The National Assembly is proposing a ₦25million fine for insurance companies in Nigeria operating without a license.
This proposal is part of the new Nigeria Insurance Industry Reform Bill, 2024. This bill seeks to change the regulatory laws governing insurance in Nigeria.
According to the provisions of the proposed bill, engaging in insurance business without a license will attract a fine of ₦25million or a jail term of two years. This amount is 100 times more than the N250,000 captured in the Nigeria insurance Act 2003.
The bill was sponsored by the Chairman, Senate Committee on Banking, Insurance and Other Financial Institutions, Senator Adetokunbo Abiru. It seeks to provide a more robust legal framework for insurance business in Nigeria.
In line with the above, any company found guilty of operating without a license gets a fine of ₦50 million. Also, each principal officer of such organisation will be fined the same amount.
In addition, any individual or group of persons who transacts business with such organisation is liable for the ₦25 million penalty or jail term. Therefore, the bill stipulates that any company applying for an insurance license must be incorporated as a limited liability company under the Companies and Allied Matters Act 2020.
Furthermore, the insurance companies must avoid insolvency, failure to maintain capital, closure of business activities, and taking part in other fraudulent practices. If this happens, the license can be revoked by the regulatory body. With this, the company will be barred from carrying out any other operations within the sector.
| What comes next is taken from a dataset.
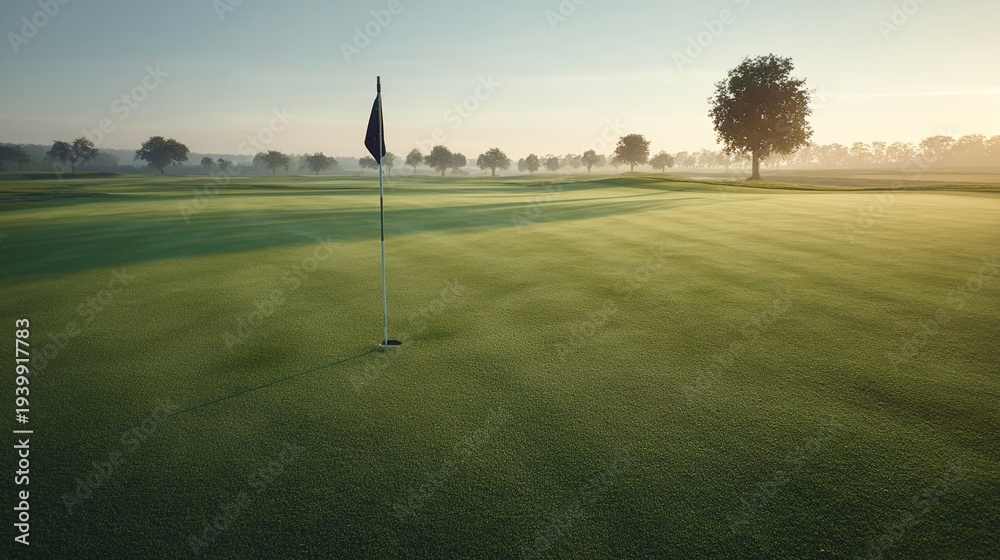 Obraz premium ryegrass. Manicured golf course green with uniform ryegrass, a distant flag. public awareness campaigns, NGO reports, designed for public awareness campaigns and NGO communications.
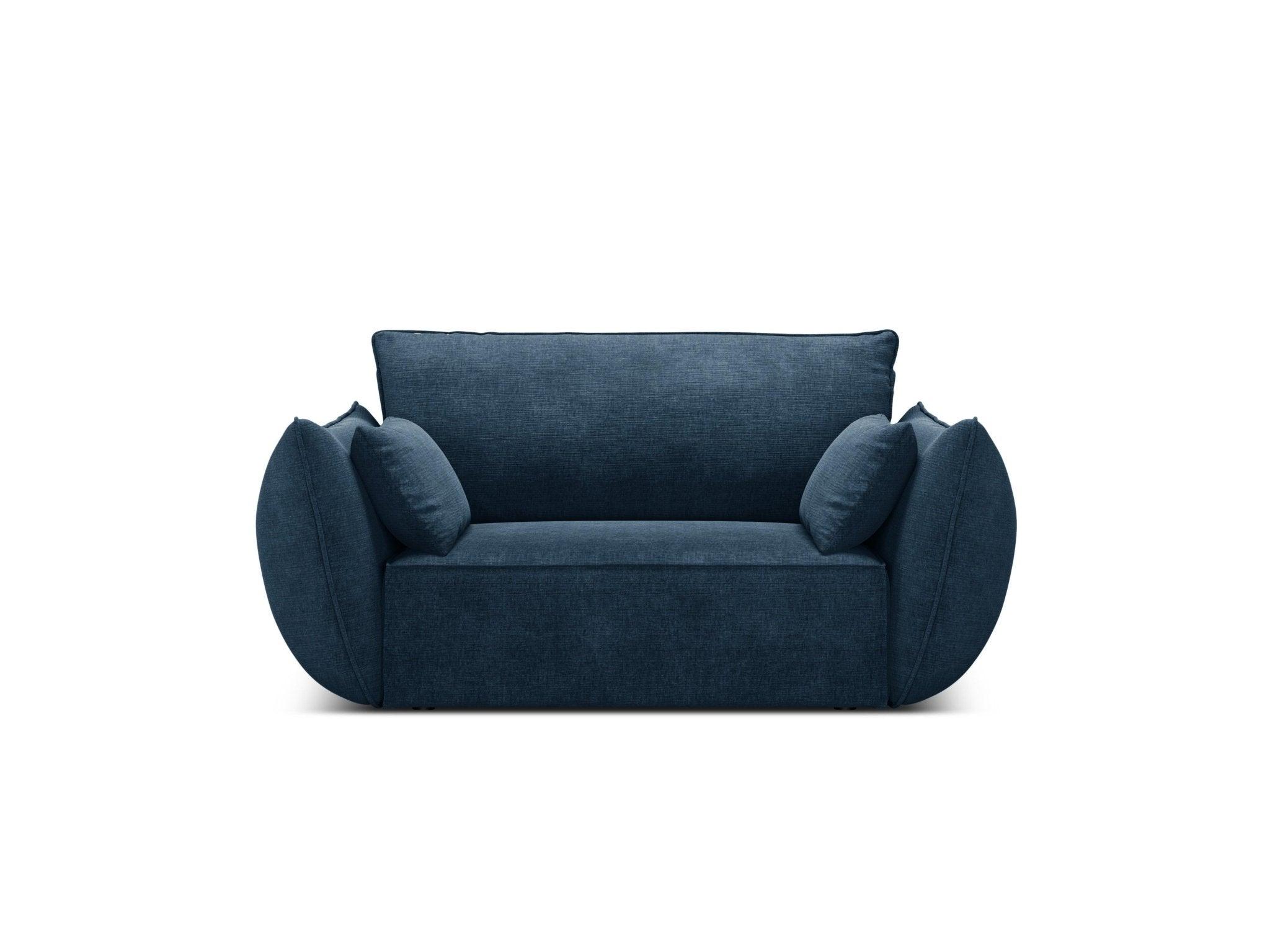 Fotel w tkaninie szenilowej VANDA granat królewski Mazzini Sofas Eye on Design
It will be recalled that the Senate had last month passed a bill for second reading. The bill sought to repeal and overhaul the insurance laws of the country. The Senate argued that this overhaul is imperative and it would ensure the business is done within the spectrum of the law.
It also seeks to protect consumers against any sharp practices or fraudulent activity of any unlicensed company in the insurance sector.